Judô chegou ao Brasil pelo Pará e foi ao topo com três mulheres

A judoca Ketleyn Quadros com o bronze conquistado na Olimpíada na categoria até 57 kg - Toshifumi Kitamura/AFP
A judoca Ketleyn Quadros com o bronze conquistado na Olimpíada na categoria até 57 kg Imagem: Toshifumi Kitamura/AFP

08/07/2020 04h00

Jigoro Kano criou a arte marcial judô no Japão. Seu primeiro aluno matriculou-se em 1882 em sua escola, chamada Kodokan. Nela, ensinava-se cultura intelectual, entendendo que esse seria o meio para educação do físico e do espírito.

É dentro desse conceito que o judô passou a ser difundido pelo mundo. E, não diferente das outras artes marciais, foi assim também que chegou ao Brasil.

No fim da primeira Guerra Mundial, na década de 1910, o fluxo de imigração japonesa para o Brasil cresceu de forma impressionante. Chegavam ao país navios lotados e, a cada desembarque, mais de 700 pessoas partiam para trabalhar em lavouras no interior de São Paulo ou nas fazendas de borrachas do norte do país. Mitsuo Maeda, discípulo de Jigoro Kano na escola Kodokan, chegou ao Brasil em uma dessas travessias, exercendo um cargo diplomático.

Conhecido por aqui como Conde Koma, ele foi o difusor do jiu-jitsu e do judô no Brasil. Sua primeira escola foi no Pará, por intermédio de Gastão Gracie — seu filho mais velho era Carlos Gracie, um dos primeiros discípulos de Koma em sua nova jornada. Assim, nascem duas grandes potências das artes marciais brasileiras: o judô e o jiu-jitsu, que beberam da fonte de ensinamentos da matriz japonesa e alcançaram o topo da cadeia esportiva e dos negócios.

Diferentemente do jiu-jitsu, o judô estreou no programa olímpico em 1964, nos Jogos de Tóquio, como esporte de demonstração. Passou a contar para o quadro de medalhas em 1972, em Munique, na Alemanha.
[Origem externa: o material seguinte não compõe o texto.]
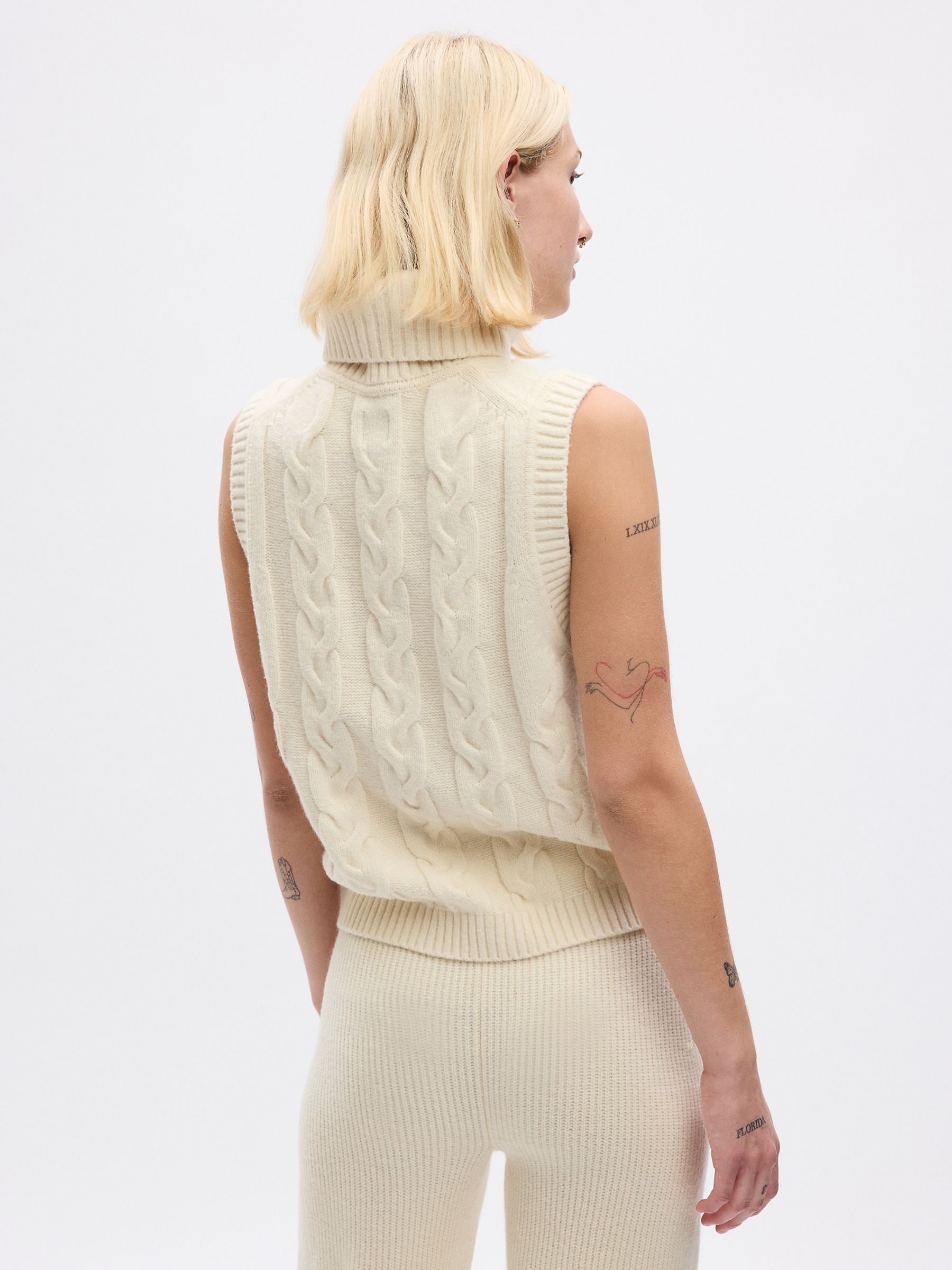Cream Cable Knit Turtle Neck Sleeveless Jumper - Image 2 of 2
O primeiro medalhista olímpico brasileiro foi Chiaki Ishii, justamente em 1972. A medalha de bronze que ele conquistou foi a primeira de muitas na história do esporte brasileiro. Neste ano, Ishii foi indicado para o Comitê Olímpico do Brasil (COB) a ser o primeiro judoca no hall da fama da entidade.

Judoca Aurélio Miguel conquista a medalha de bronze nos Jogos Olímpicos de Atlanta-1996 - Arquivo/Folhapress - Arquivo/Folhapress
Judoca Aurélio Miguel conquista a medalha de bronze nos Jogos Olímpicos de Atlanta-1996
Imagem: Arquivo/Folhapress

Desde sua estreia em olimpíadas, o judô vem conquistando uma medalha atrás da outra. Em 1988, saiu a primeira de ouro, com Aurélio Miguel, nos Jogos de Seul. Após conquistar um bronze nos Jogos de Atlanta-1996, Aurélio se tornou o judoca mais vitorioso do país. Em sua transição de carreira, tornou-se político, vereador de São Paulo por 12 anos.

Em Barcelona-1992, veio o segundo ouro, com Rogerio Sampaio, hoje diretor-geral do COB. Foi nessa mesma edição que as mulheres estrearam no judô, 20 anos depois que os homens.

Soraia André foi uma das representantes do Brasil, a primeira mulher negra do país a participar de uma edição olímpica de modalidades de lutas. Em seu livro "JapaNegra", Soraia conta a história dos seus grandes feitos, do protesto com quimono preto e das humilhações que sofreu por ser uma lutadora nessa época.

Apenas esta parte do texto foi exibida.